EXERCISE MATERIAL section start

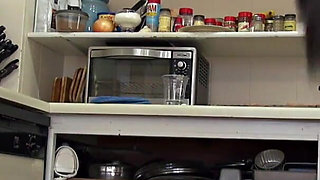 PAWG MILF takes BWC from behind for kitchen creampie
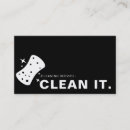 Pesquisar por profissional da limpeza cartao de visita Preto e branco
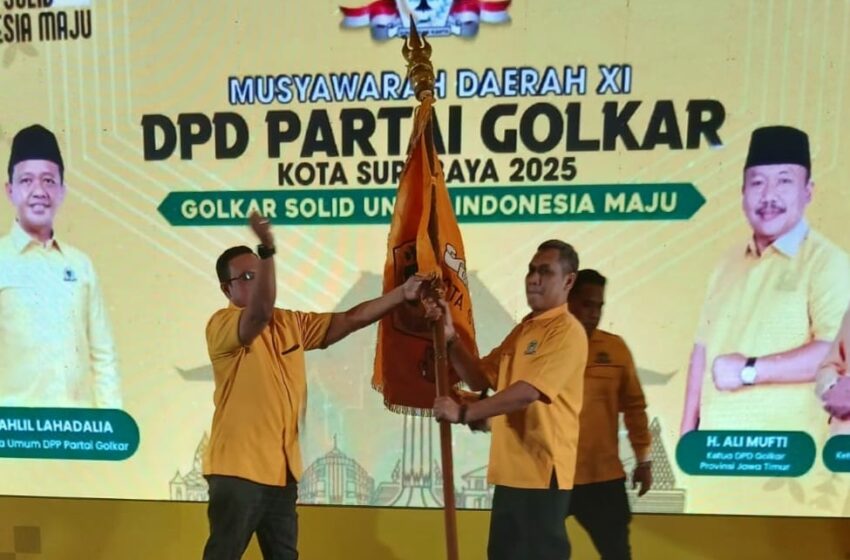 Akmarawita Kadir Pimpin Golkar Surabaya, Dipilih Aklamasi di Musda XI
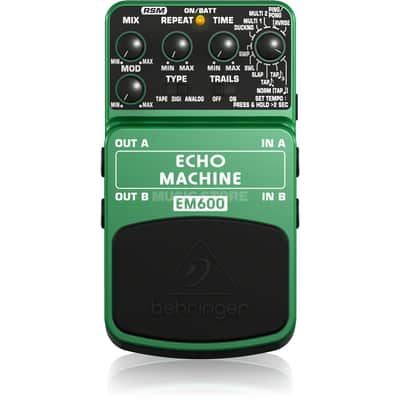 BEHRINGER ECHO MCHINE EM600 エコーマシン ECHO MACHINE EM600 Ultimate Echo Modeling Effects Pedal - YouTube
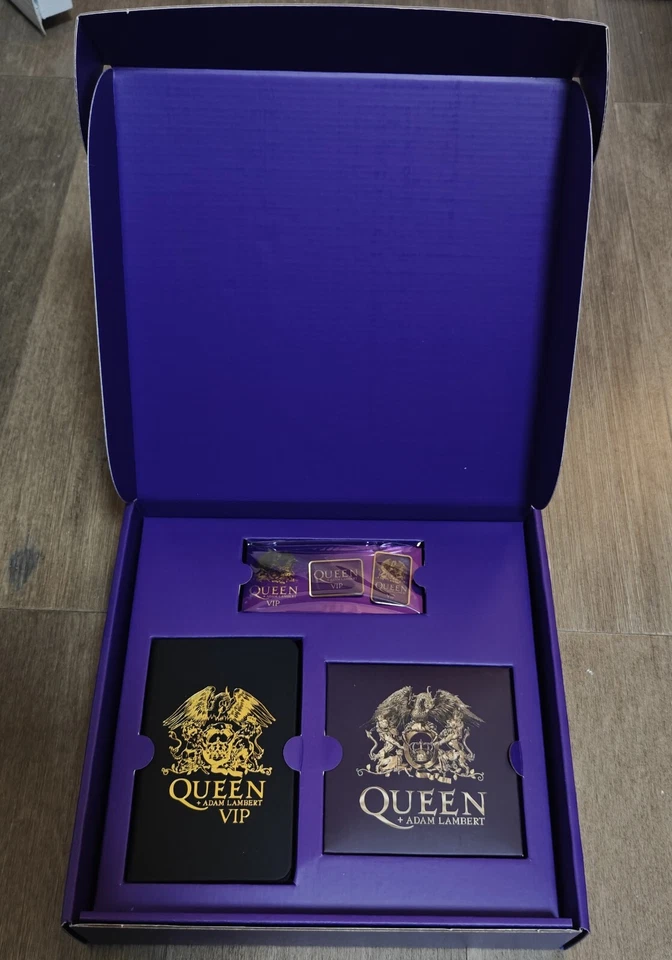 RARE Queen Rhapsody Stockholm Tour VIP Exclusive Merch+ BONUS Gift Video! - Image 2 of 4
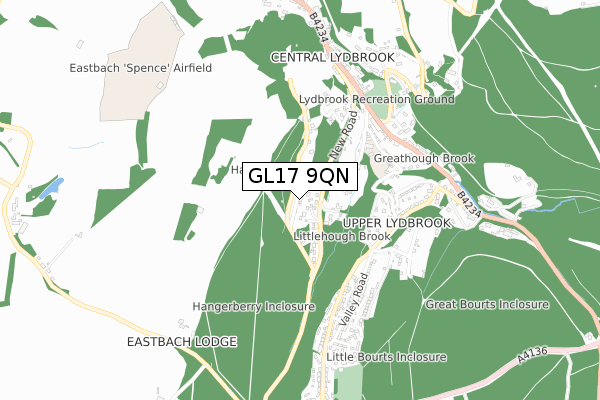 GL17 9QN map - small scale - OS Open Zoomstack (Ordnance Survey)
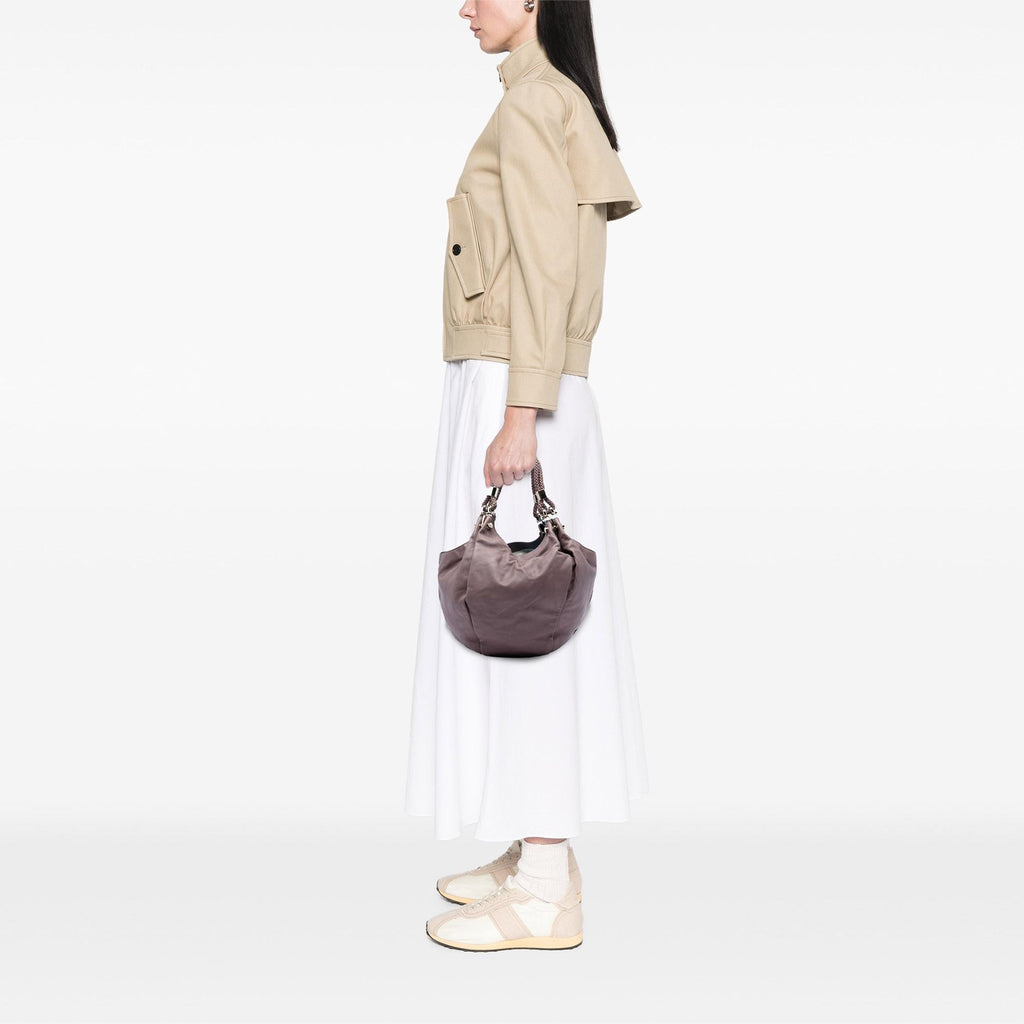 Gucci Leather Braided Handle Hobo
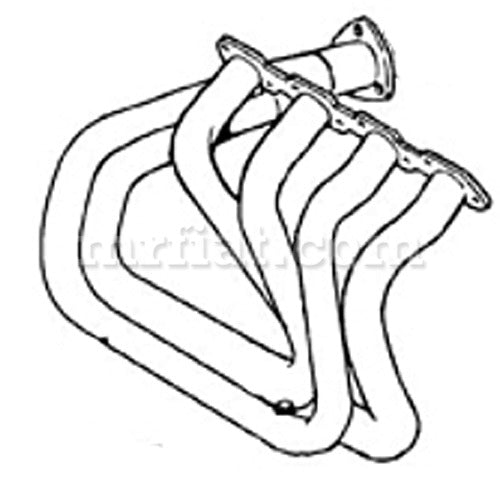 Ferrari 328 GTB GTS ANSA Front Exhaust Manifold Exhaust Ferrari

EXERCISE MATERIAL section end

» **WHAT IS BEING ASKED**
Begin at the line with "Gucci Leather Braided Handle Hobo" and end at the last line of the data above. Reproduce those lines exactly, but not the pictures.

» **WRITTEN SOLUTION**
 Gucci Leather Braided Handle Hobo
 Ferrari 328 GTB GTS ANSA Front Exhaust Manifold Exhaust Ferrari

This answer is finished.